Raw data
______________________________
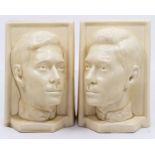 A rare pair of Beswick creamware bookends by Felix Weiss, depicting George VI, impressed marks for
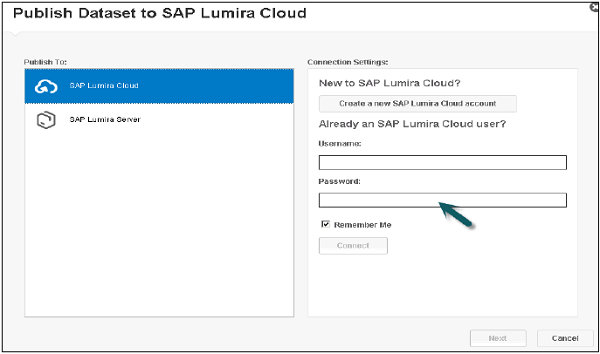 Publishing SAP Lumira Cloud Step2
______________________________
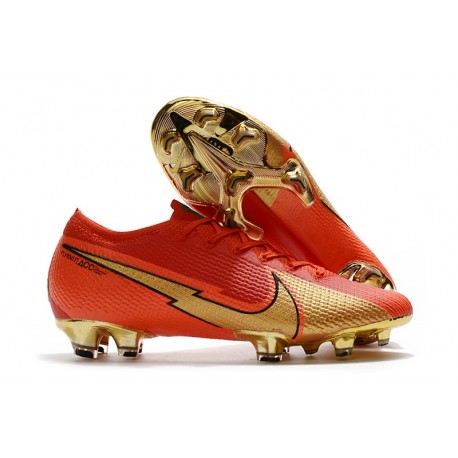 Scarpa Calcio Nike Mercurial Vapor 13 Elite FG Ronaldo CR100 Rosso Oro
______________________________
Task details
Copy word for word the lines of the records above from the one with "A rare pair" up to and including the one with "Publishing SAP Lumira Cloud Step2". Skip the pictures.

Your response
 A rare pair of Beswick creamware bookends by Felix Weiss, depicting George VI, impressed marks for
 Publishing SAP Lumira Cloud Step2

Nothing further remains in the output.